Party-list group Agham is advocating the development of the local firearms and ammunition industry.
“Our soldiers, policemen, law enforcers, and agencies needing guns will save a lot if they buy products produced by our own manufacturers,” former congressman Angelo Palmones, Agham president, told the Usaping Balita forum at the Serye restaurant in Quezon City yesterday.
He said the money that could be saved from buying locally made firearms and ammunition could be used to procure other equipment and gadgets for soldiers, policemen and law enforcers.
He said Filipino manufacturers can produce good quality guns and bullets and are in fact exporting their products.
Retired police director Leo Santiago, a member of Agham, said local gun makers like Armscor, Metro Arms and Shooters “have a following among civilians, who buy guns for self-defense, for sport or to collect.”
However, he lamented that the Philippine National Police (PNP), Armed Forces of the Philippines (AFP), National Bureau of Investigation and other agencies prefer to import firearms and ammunition, instead of buying them from local suppliers.
“Our Filipino gun makers can compete with their foreign counterparts in terms of quality. The problem with our agencies is that they have a bias for foreign products,” Santiago, who once headed the PNP Special Action Force (SAF), said.
He said Cebu-based Filipinos designed the major part of the Armalite M-4 rifle that an American manufacturer has been selling to the PNP, AFP and other agencies.
He said several M-4 rifles bought by the PNP from this particular manufacturer were among the firearms lost by PNP-SAF troopers in the Jan. 25, 2015 Mamasapano incident.

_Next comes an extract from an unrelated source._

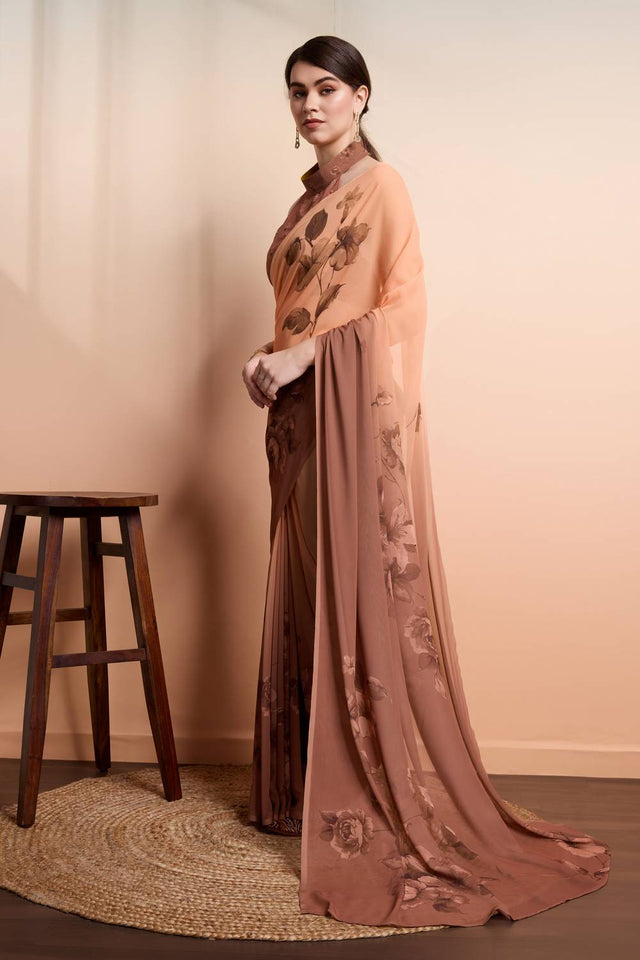 Brown Floral Printed Georgette Saree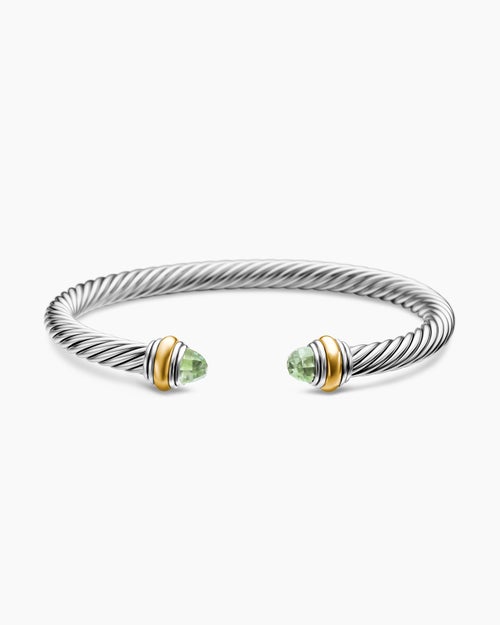Womens Classic Cable Bracelet in Sterling Silver with 14K Yellow Gold and Prasiolite, 5mm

Santiago said the government arsenal, which is supposed to manufacture firearms and ammunition for the AFP, seems bent on continuing with importation.
“The arsenal launched a defense eco-zone in Bataan last year. However, the plan is to invite foreign manufacturers to use the eco-zone as their hub to make guns for export to the Philippines and other countries,” he said.
He also claimed that the Bureau of Corrections, PNP and the Presidential Security Group bought Glock 9mm pistols from the same supplier at about P30,000, P20,000 and P19,000 apiece, respectively.
The former PNP official said he could not understand why the same pistol was bought from the same supplier at different prices.
Palmones said Agham is inquiring into the anomalous procurement.